XNor
XNor

Reputation: 658

Makefiles and large projects with complex interdependencies

I am trying to come up with a build system for a large project that has a structure like this:

├── deploy
├── docs
├── libs
│   ├── lib1
│   └── lib2
├── scripts
└── tools
    ├── prog1
    └── prog2

My problem is that libs and programs may depend on each other in an order that may change very often. I have looked up info on the internet and I get mixed messages. Some people say that I should just use makefiles and some other say that recursive makefiles are evil.

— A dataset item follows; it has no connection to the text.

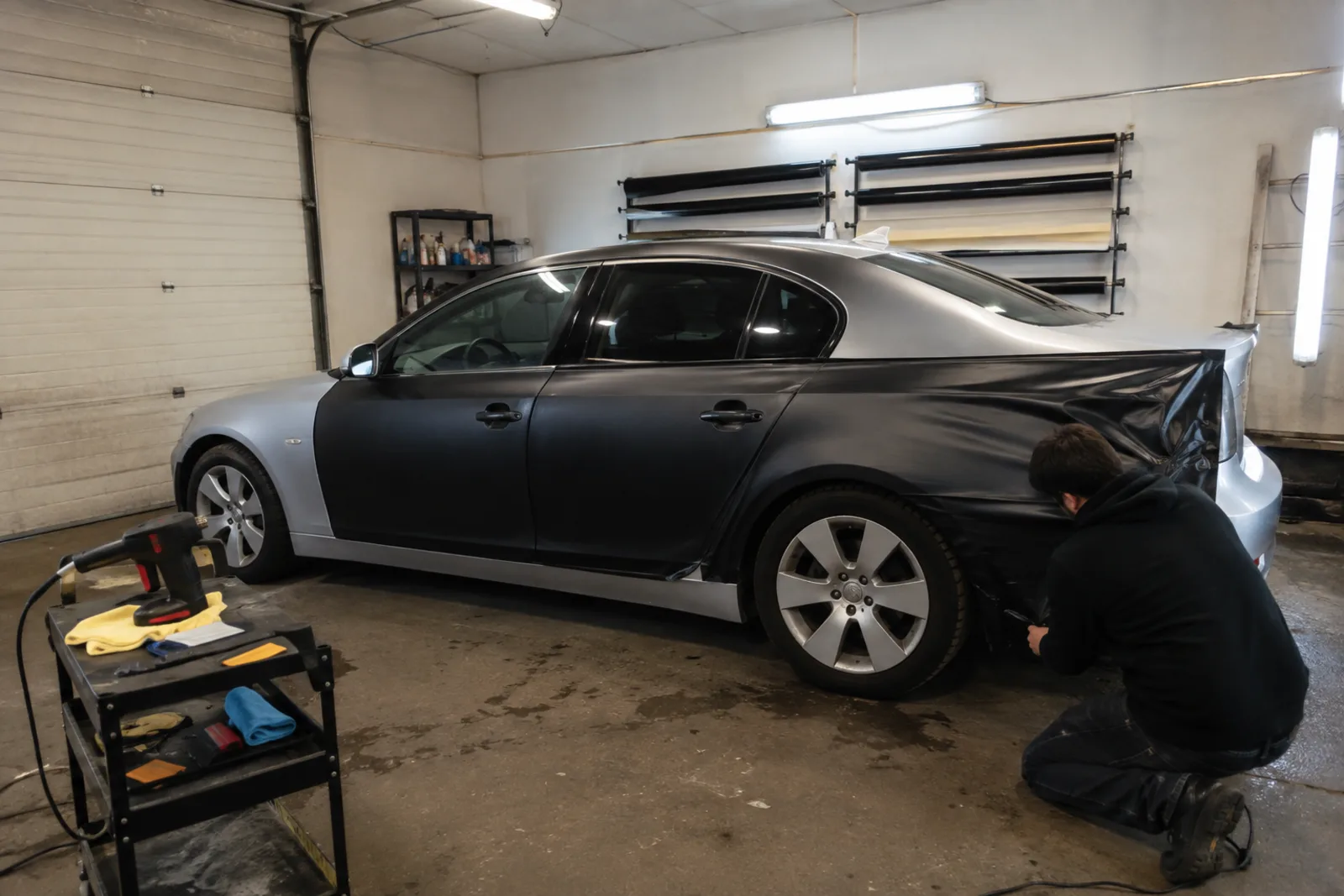 Silver sedan mid-wrap in a small garage workshop with vinyl tools on a cart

Besides that, I don't know how to manage dependencies with makefiles (if lib2 needs lib1 to build, how to tell make to build lib1 first). Someone told me that it is easily achievable using the variable VPATH but I have read the documentation and I think it has nothing to do with this.

So my questions are:

Upvotes: 1

Views: 1731

Answers (2)

bobbogo
bobbogo

Reputation: 15493

I am in the don't lie to make camp. Here, fine-grained dependencies are your friend. Get away from thinking that you need to express that prog1 depends on lib2. What you really want to say to make is something like:

"To link prog1 you need all the .o files, and all the appropriate .a files."

If you can express this, it will improve a number of very important parameters for your build:

  1. Parallel build works properly
    • The .o file for prog1 can compile at the same time as those for lib2.a
    • This is more important if you run tests as a part of the build (you do do that, don't you?)
  2. Time-to-do-nothing is very close to zero
    • Nothing worse than issuing a build, and several minutes later you get a build was already up-to-date (WinCE, I'm looking at you)
  3. Work is properly culled
    • In other words you can rely on your dependencies, and never have to do a make clean because you don't trust them

After all, these goals are really the whole point of using make. Get them wrong and you might as well use a batch file. (It's pretty tricky getting them right in a recursive make system BTW.)

Of course, expressing this cleanly in make does take a bit of effort, but you did say you had a large project.

Upvotes: 4

John
John

Reputation: 3520

I'm not in the recursive makefiles are evil camp -- while it's true that recursive makefiles are not as efficient (they don't maximize concurrency, etc), it's usually negligible. On the flip side, using recursive makefiles makes your project more scalable -- it's simpler to move modules in and out, share with other groups, etc.

In your case, if lib2 depends on lib1, you can just do:

 lib2: lib1
    make -C libs/lib2

Now make will build lib1 before lib2 (even if you have -j specified).

Now if you have cross-dependencies (something in lib1 depends on something in lib2, which in turn depends on something else in lib1), then you might want to consider either restructuring your directories to avoid the cross-dependencies, or using a single makefile (there's lots of sharp sticks exposed if you try to use recursive makefiles in this case).